• **Task prompt**: The entries below contain pictures, which are to be left out; write out exactly, and only, the lines from the line with "Antiguo Diploma Conservatorio" up to and including the line with "Vector art illustration of a meditating monk".

═════ Input data ═════

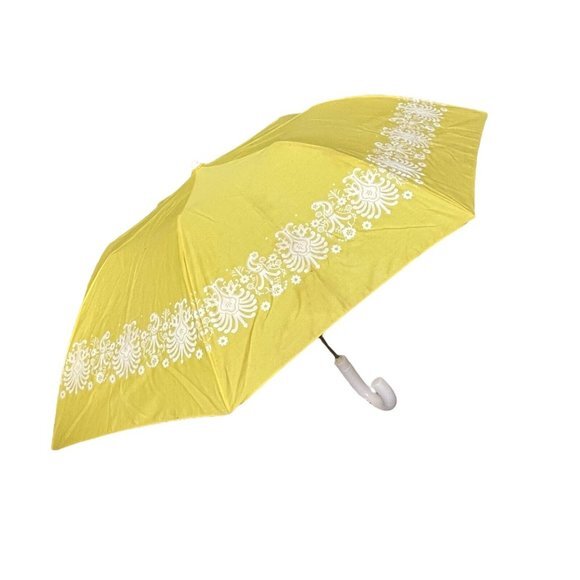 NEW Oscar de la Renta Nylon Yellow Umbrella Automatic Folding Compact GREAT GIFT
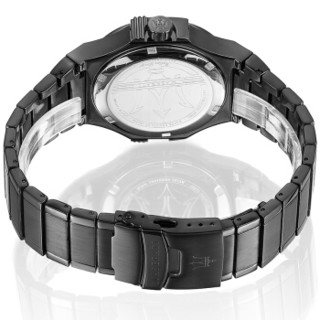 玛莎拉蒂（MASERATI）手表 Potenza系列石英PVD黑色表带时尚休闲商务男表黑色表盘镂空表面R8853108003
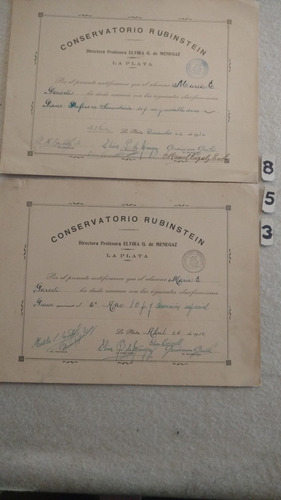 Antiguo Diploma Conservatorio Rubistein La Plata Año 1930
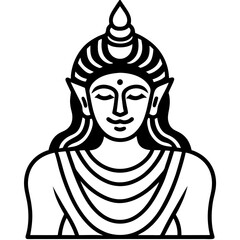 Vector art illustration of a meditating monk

═════
═════ Input data ═════

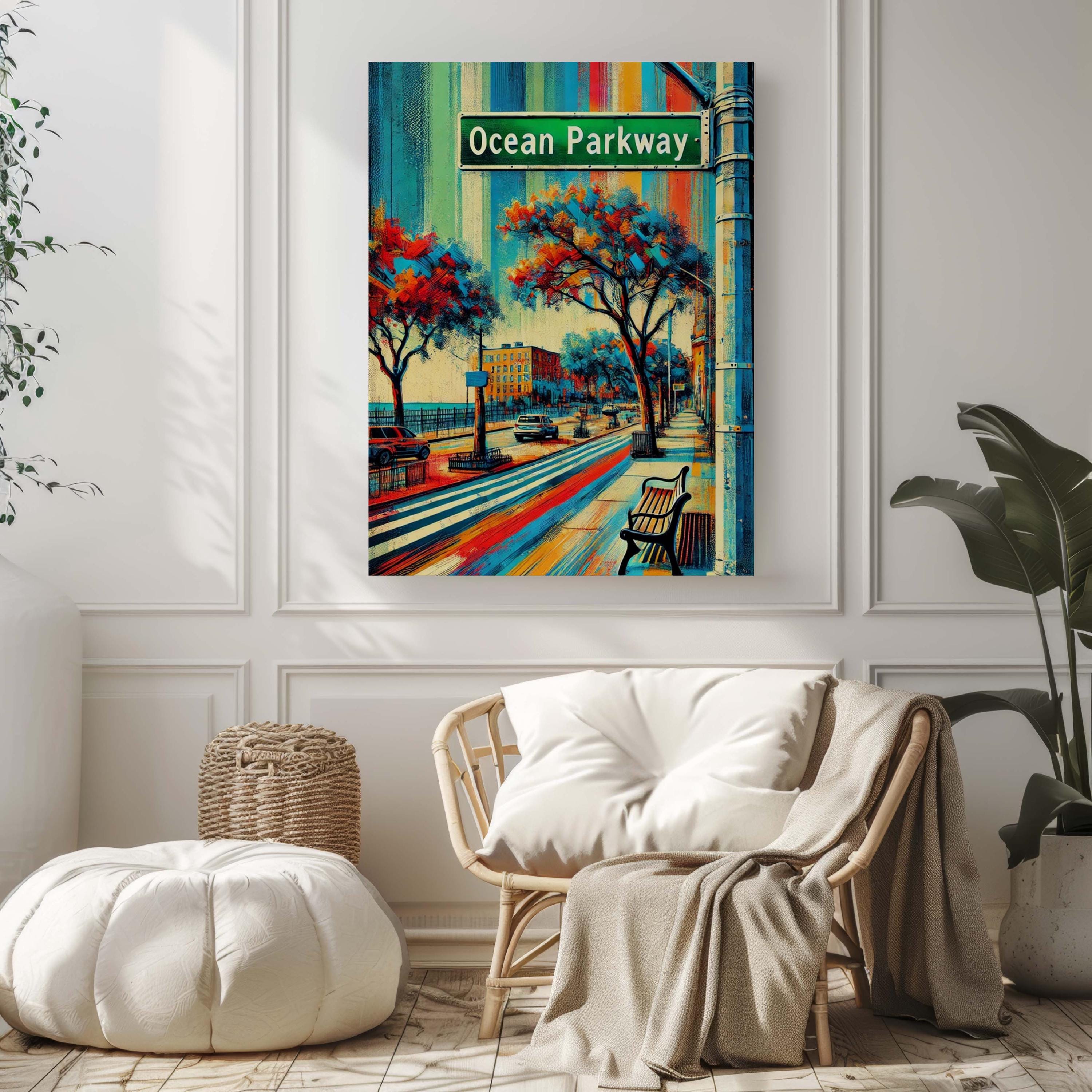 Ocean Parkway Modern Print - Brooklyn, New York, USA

═════
═════ Input data ═════

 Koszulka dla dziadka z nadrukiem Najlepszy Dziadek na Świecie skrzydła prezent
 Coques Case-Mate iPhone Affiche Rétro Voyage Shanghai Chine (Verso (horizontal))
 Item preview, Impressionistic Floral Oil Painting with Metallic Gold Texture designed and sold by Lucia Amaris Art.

═════

• **Exercise answer**:
 Antiguo Diploma Conservatorio Rubistein La Plata Año 1930
 Vector art illustration of a meditating monk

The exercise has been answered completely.